* _INFORMATION PROVIDED_
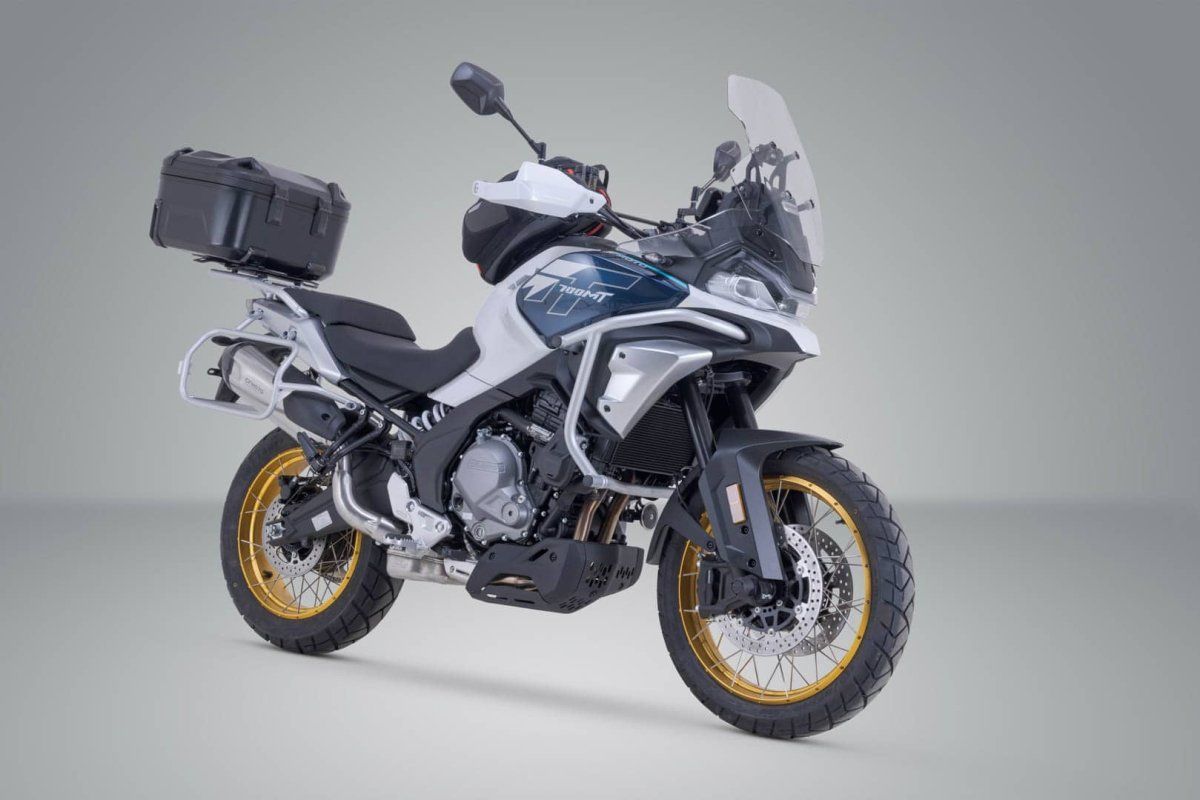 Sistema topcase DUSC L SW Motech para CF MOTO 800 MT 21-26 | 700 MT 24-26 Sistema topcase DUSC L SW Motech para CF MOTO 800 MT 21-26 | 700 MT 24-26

* * *

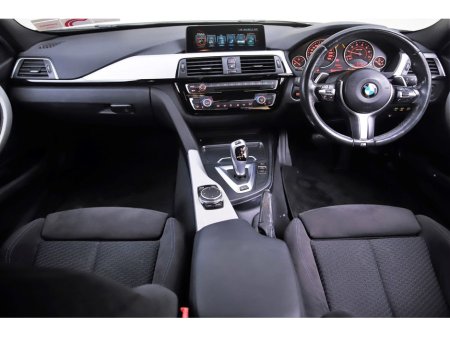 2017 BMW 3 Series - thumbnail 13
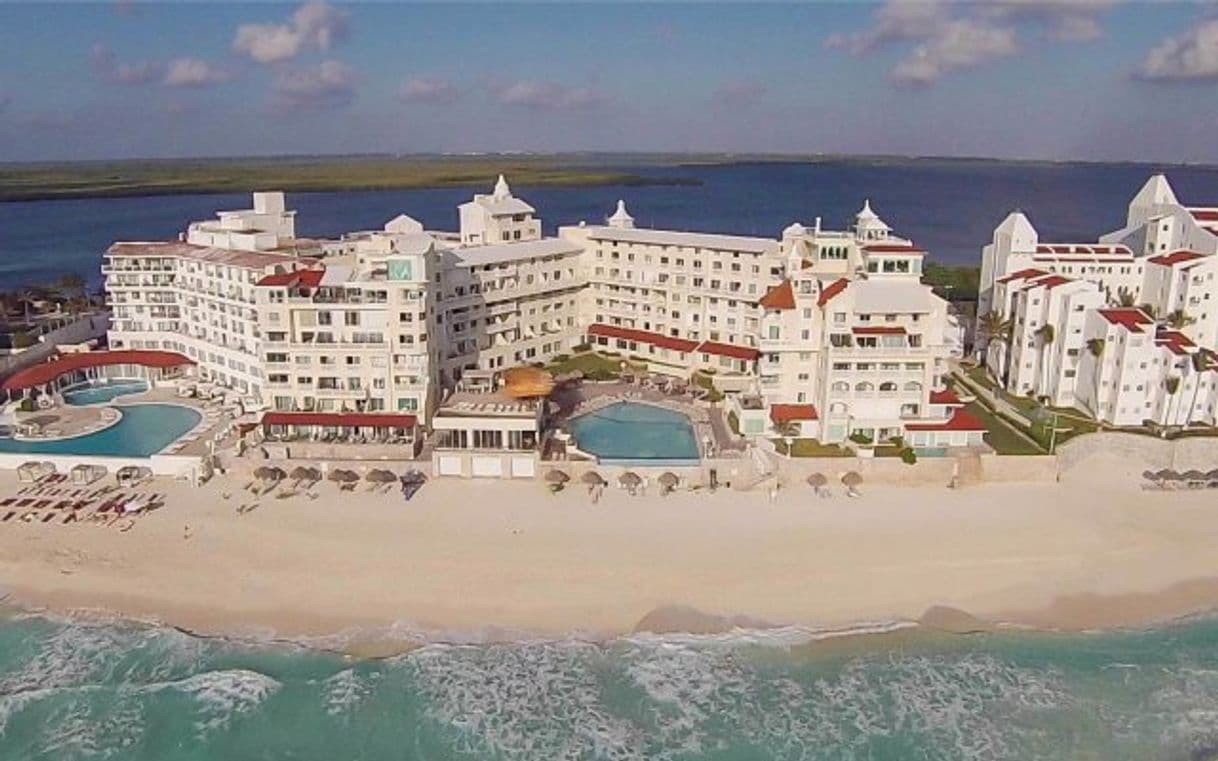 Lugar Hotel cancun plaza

==

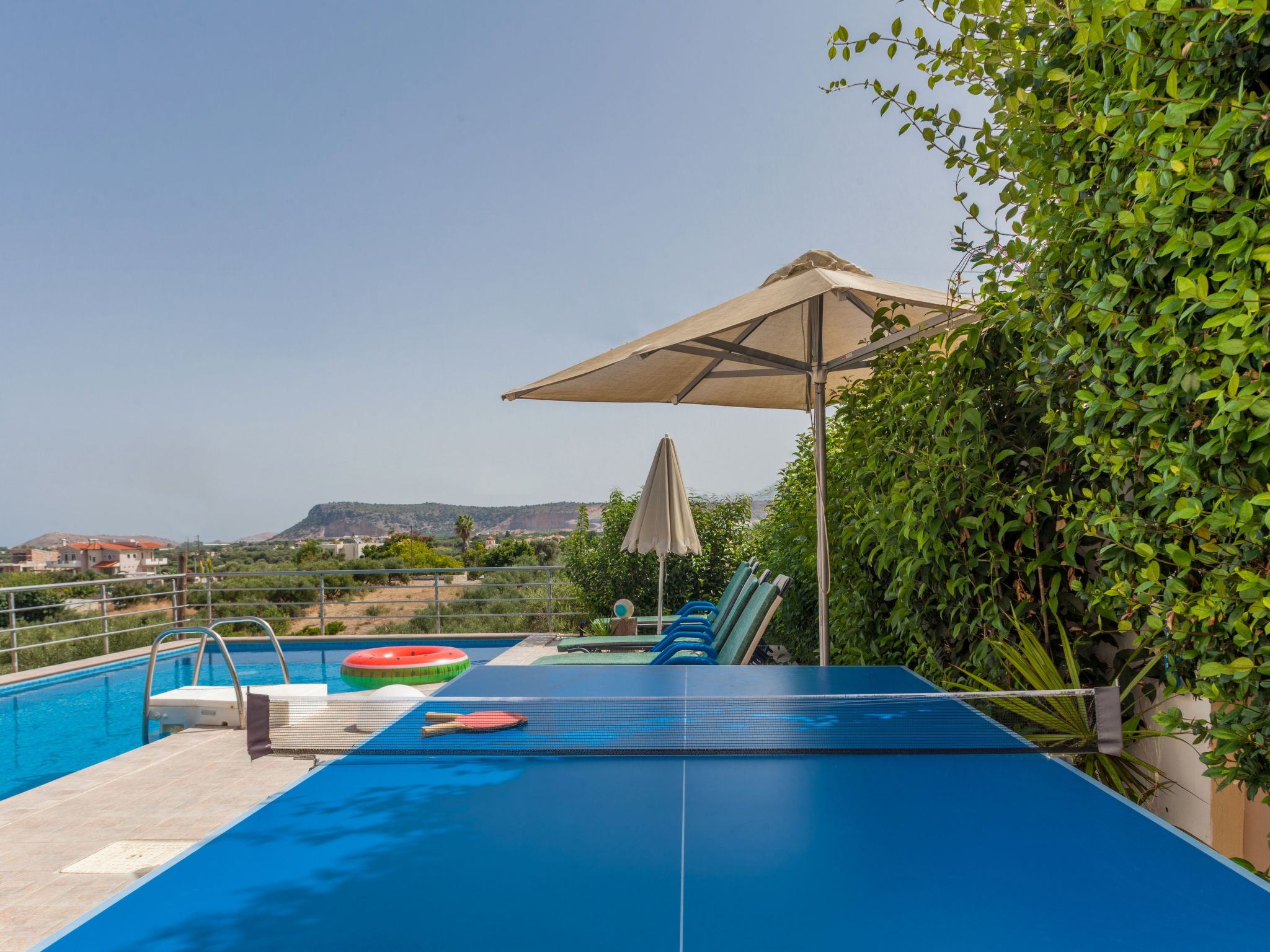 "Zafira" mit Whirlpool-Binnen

* _EXERCISE BRIEF_
Give back exactly the lines above that run from the one with "2017 BMW 3 Series - thumbnail 13" to the one with "Lugar Hotel cancun plaza", including both, with the pictures left out.

* _RESPONSE TO THE EXERCISE_
 2017 BMW 3 Series - thumbnail 13
 Lugar Hotel cancun plaza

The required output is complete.